ECLI: ECLI:NL:TGDKG:2015:134
Datum uitspraak: 14-07-2015
Datum publicatie: 27-08-2015
Zaaknummer(s): GDWverzet203.2015
Onderwerp: Ambtshandelingen (art. 2 Gdw)
Beslissingen:
Inhoudsindicatie:   Beslissing op verzet. De Kamer is het met de beslissing van de voorzitter eens en verklaart het verzet ongegrond.

KAMER VOOR GERECHTSDEURWAARDERS TE AMSTERDAM

Beslissing van 14 juli 2015 zoals bedoeld in artikel 39, vierde lid, van de Gerechtsdeurwaarderswet inzake de beschikking van 24 februari 2015 met zaaknummer 518.2014 en het daartegen ingestelde verzet met zaaknummer 203.2015 ingesteld door:

[     ],

wonende te [     ],

klaagster,

tegen:

[     ],

gerechtsdeurwaarder te [     ],

beklaagde,

gemachtigde [     ].

1. Ontstaan en verloop van de procedure

Bij brief van 11 juli 2014 heeft klaagster een klacht ingediend tegen beklaagde, hierna: de gerechtsdeurwaarder.
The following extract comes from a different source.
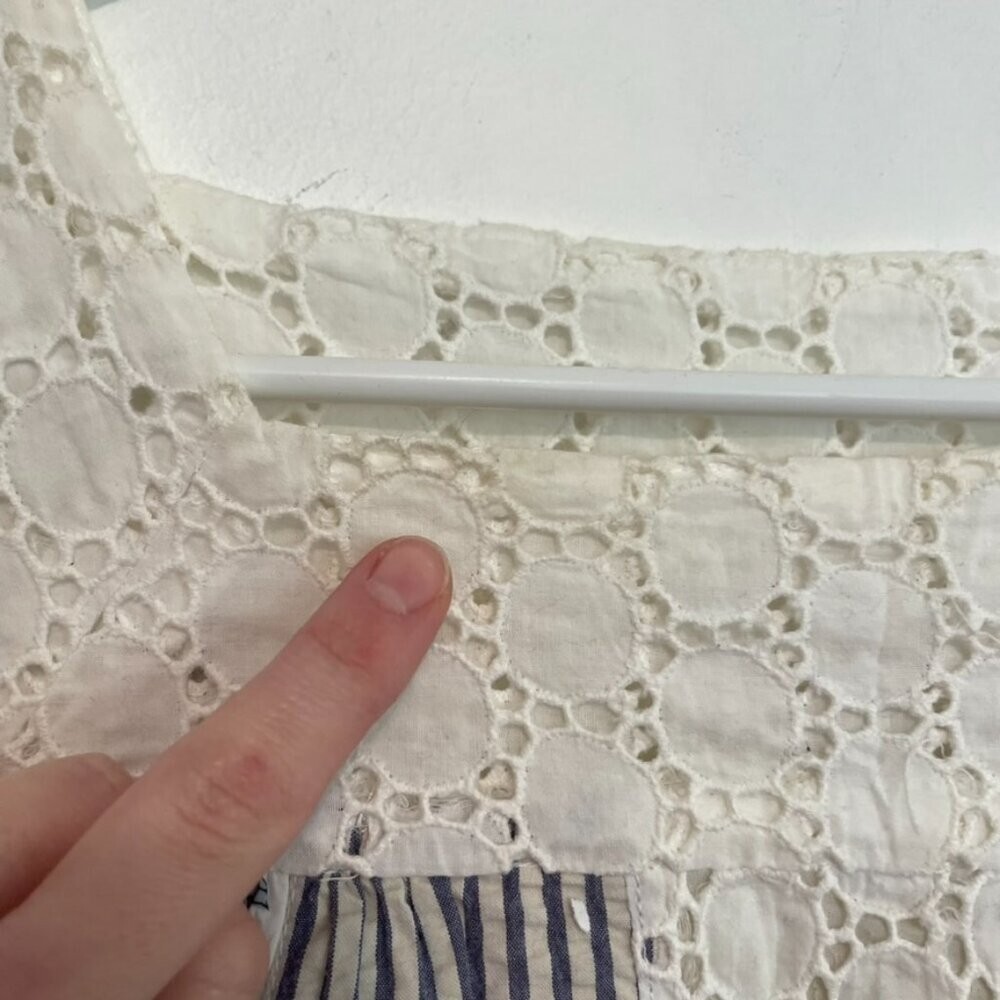 THREAD SOCIAL White Patchwork Striped Floral Seer… - image 7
Bij brief van 4 augustus 2014, heeft de gerechtsdeurwaarder op de klacht gereageerd. Bij beslissing van 24 februari 2015 heeft de voorzitter de klacht als zijnde kennelijk ongegrond afgewezen. Klaagster is een afschrift van de beslissing van de voorzitter toegezonden bij brief van 25 februari 2015. Bij brief van 3 maart 2015 heeft klaagster verzet ingesteld tegen de beslissing van de voorzitter. Het verzetschrift is behandeld ter openbare terechtzitting van 2 juni 2015 alwaar de gemachtigde van de gerechtsdeurwaarder is verschenen. Van de behandeling ter zitting is proces-verbaal opgemaakt. De uitspraak is bepaald op 14 juli 2015.

2. De ontvankelijkheid van het verzet

Klaagster heeft verzet ingesteld binnen veertien dagen na de dag van verzending van een afschrift van voormelde beslissing van de voorzitter, zodat zij in het verzet kan worden ontvangen.

3. De feiten

De gerechtsdeurwaarder heeft in opdracht van een collega-gerechtsdeurwaarder ten laste van klaagster beslag gelegd onder de belastingdienst en beslag op haar uitkering.
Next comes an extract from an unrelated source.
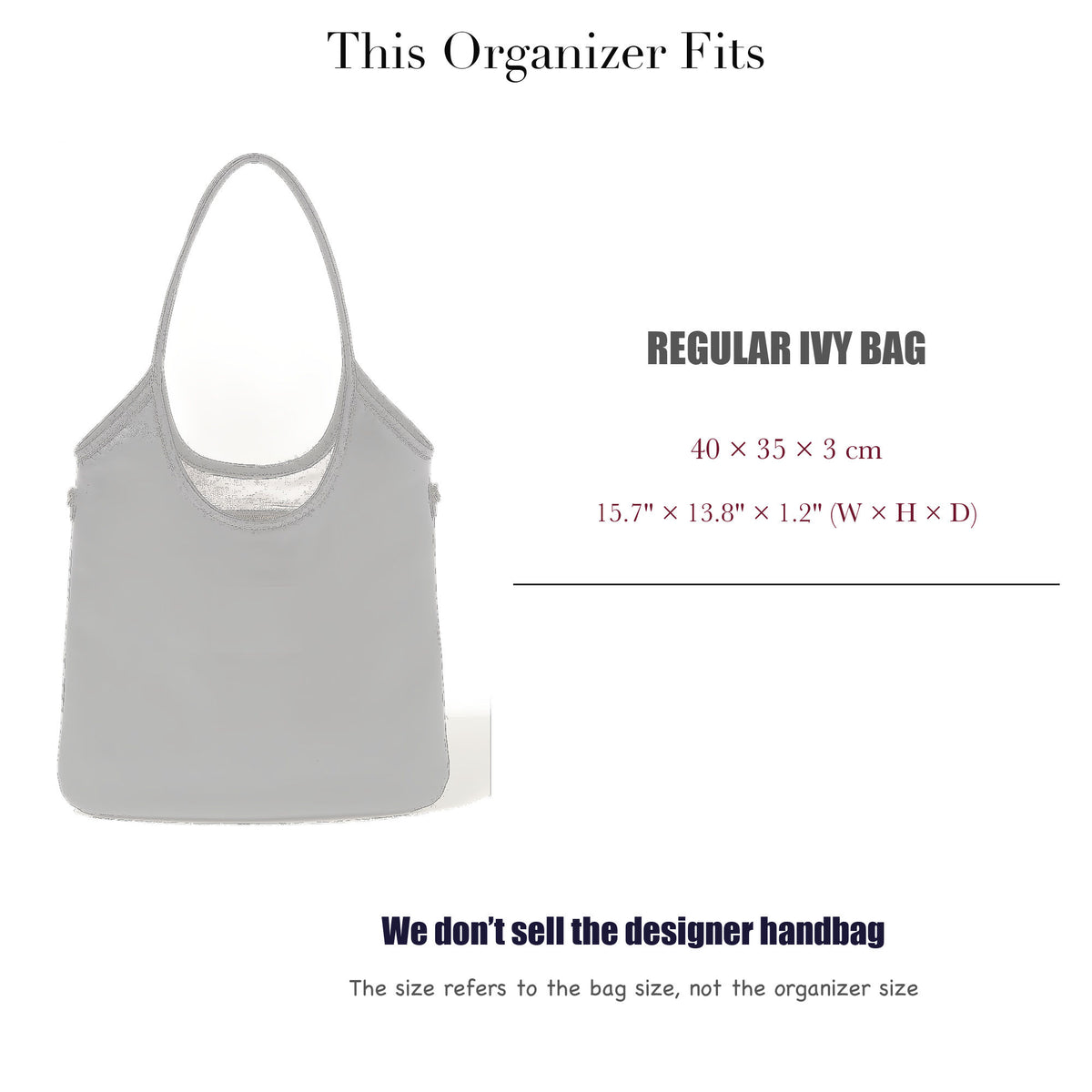 Bag Insert for (Miu Miu, Regular Ivy Bag) Organizer of Silk Fabric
4. De oorspronkelijke klacht

Klaagster is het niet eens met de ten laste van haar gelegde beslagen. Die zijn gelegd ondanks het feit dat klaagster zich heeft aangemeld bij de schuldhulpverlening. Door de beslagen komt zij in de financiële problemen. Zij heeft recht op een beslagvrije voet en wil dat de gelegd beslagen worden teruggedraaid.

5. De beslissing van de voorzitter

De voorzitter heeft op de klacht overwogen dat klaagster het niet eens is met de gelegde beslagen en de berekening van de beslagvrije voet. Het tuchtrecht is niet de geëigende weg dit geschil te beslechten. Klaagster dient zich daarvoor te wenden tot de gewone rechter Voor ingrijpen door de tuchtrechter is eerst plaats indien er sprake is van evident onjuist handelen van de gerechtsdeurwaarder. Daarvoor is door klaagster onvoldoende gesteld en dat is ook anderszins niet gebleken.

6. De gronden van het verzet

Klaagster is het niet eens met de beslissing van de voorzitter. Volgens klaagster had de gerechtsdeurwaarder een beslagvrije voet moeten vaststellen bij het beslag onder de belastingdienst. Klaagster heeft slechts een bijstandsuitkering van een alleenstaande en heeft meerdere schuldeisers. Door het beslag onder de belastingdienst werd al een bedrag van € 542,00 ingehouden. Toch werd er nog beslag gelegd op de uitkering van klaagster.

7. De beoordeling van de gronden van het verzet

Het door klaagster ingestelde verzet kan niet slagen. De door klaagster in verzet aangevoerde gronden werpen naar het oordeel van de Kamer geen nieuw licht op de zaak waarover de voorzitter heeft beslist. Naar het oordeel van de Kamer heeft de voorzitter terecht en op juiste gronden de klacht van klaagster kennelijk ongegrond verklaard. De Kamer zal het verzet ongegrond verklaren.

8. Op grond van het voorgaande wordt beslist als volgt.

BESLISSING:

De Kamer voor Gerechtsdeurwaarders:

-        verklaart het verzet ongegrond.

Aldus gegeven door mr. J.H.C. Schouten, voorzitter, en mr. M. Nijenhuis en M.W. de Ruijter, leden, en uitgesproken ter openbare terechtzitting van 14 juli 2015, in tegenwoordigheid van de secretaris.

Tegen deze beslissing staat op grond van het bepaalde in artikel 39, lid 4 van de Gerechtsdeurwaarderswet geen rechtsmiddel open.